Dıranas 3 Şubat 1962 tarihinde kaleme aldığı bu düşünceleri ile sanatçıların,
ölümlerinden sonra değerlerinin bilinmesini eleştirmişti. Eğer bu yazıya
ulaşmamış olsaydım, ben de bu yazımı; buna benzer bir açıklama ile
sonlandıracaktım.
Hayret! Aradan 48 yıl geçmiş ve hiçbir şey değişmemiş! Sadece Ahmet Muhip
Dıranas’ın, haksızca kendi kalbine sapladığı esef ve pişmanlığın ilk oklarını
çıkarmak istiyorum…
Ahmet Muhip Dıranas’ın 71 yıllık yaşam yolculuğu 1980 yılında Ankara’da
nihayete ermiştir. Şiirlerini 1974 yılında “Şiirler” isimli kitabında toplayan
Dıranas’ın, 1975 yılında, Tevfik Fikret’in günümüz Türkçesine çevrilmiş
şiirlerinden oluşan “Kırık Saz” isimli kitabı ve 1977 yılında “Gölgeler-Çıkmaz”

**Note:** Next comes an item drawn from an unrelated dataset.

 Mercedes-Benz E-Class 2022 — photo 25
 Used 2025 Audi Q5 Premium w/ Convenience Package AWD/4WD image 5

isimli oyunları okurlar ile buluşmuştur.1994 Yılında basılan “Yazılar” isimli
kitap ise, yazarın eşi Münire Dıranas’ın tamamlamasıyla gerçekleşmiştir.
Ahmet Muhip Dıranas’ı sorun insanlara. Tanımayan olur ise; “Fahriye
Ablayı”sorun.Onu muhakkak tanıyacaklardır.